Feinberg points out that commercial banks have been gradually reducing, not increasing, their exposure of Third World loans relative to their total business, as they were supposed to do under the strategy devised by Baker. For the debtors, that means their ratio of loans to gross national product has been declining.
"People who look at the problem from the banker's side tend to feel that, 'well, you know, we're making gradual progress.' And that's right: the banks have been making gradual progress. But people who look at it from the debtor-country point of view see unresolved problems," Feinberg said.
Brazil's declaration early in 1987 of a moratorium on paying the interest on $78 billion it owes to commercial banks came as a shock to some in the financial community. It destroyed the illusion that, somehow, things would right themselves. Economic growth in Brazil in 1985-86, hailed by some as evidence that the system was "working," has now stalled.

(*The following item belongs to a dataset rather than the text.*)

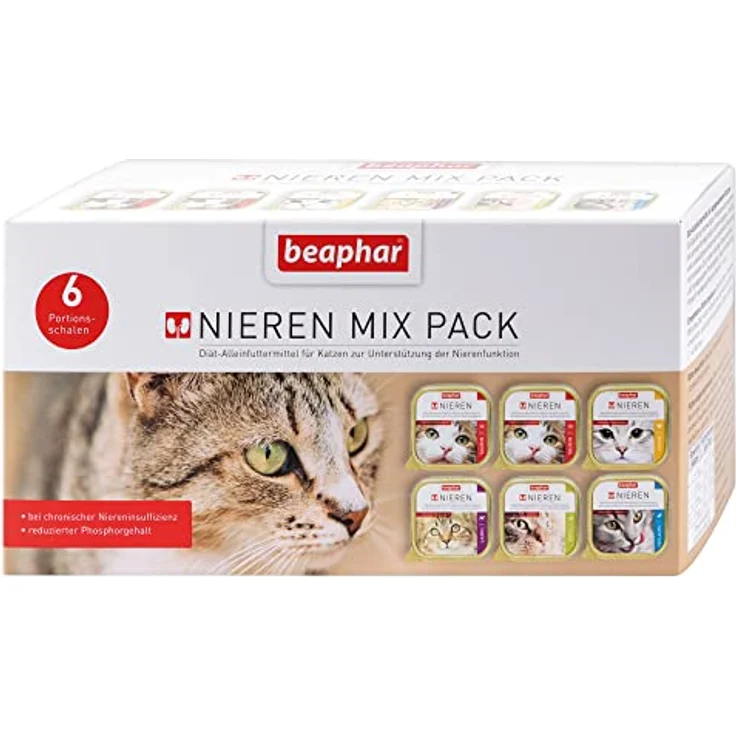 Beaphar Nierendiät Mix Pack, 600g, Katzen-Nassfutter mit 6 Geschmacksrichtungen zur Unterstützung der Nierenfunktion – Bild 1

Nonetheless, Baker said, the international financial system is "on sounder footing," because the banks have increased their capital and reserves and the International Monetary Fund, World Bank and commercial banks "have demonstrated their support for debtor reform efforts to improve growth and are working closely together to insure continued progress on the debt problem."
Essentially, Baker wants to stick with the strategy he outlined in a now-famous speech in Seoul in October 1985. The Baker plan called for $29 billion in additional loans by the commercial and multilateral development banks to a list of 15 key countries over a three-year period. In return for more loans, the "Baker 15" pledged to undertake basic economic policy changes to assure economic growth.
The countries are Argentina, Bolivia, Brazil, Chile, Colombia, Ivory Coast, Mexico, Morocco, Peru, Uruguay, the Philippines, Ecuador, Nigeria, Venezuela, and Yugoslavia.
In tune with Baker, William R. Cline of the Institute for International Economics argues that while some new techniques may be called for to mobilize the flow of money to debtors, the basic strategy followed since 1982 is still the right one, although he concedes that the "impressive" adjustments made by debtor countries have often also been painful.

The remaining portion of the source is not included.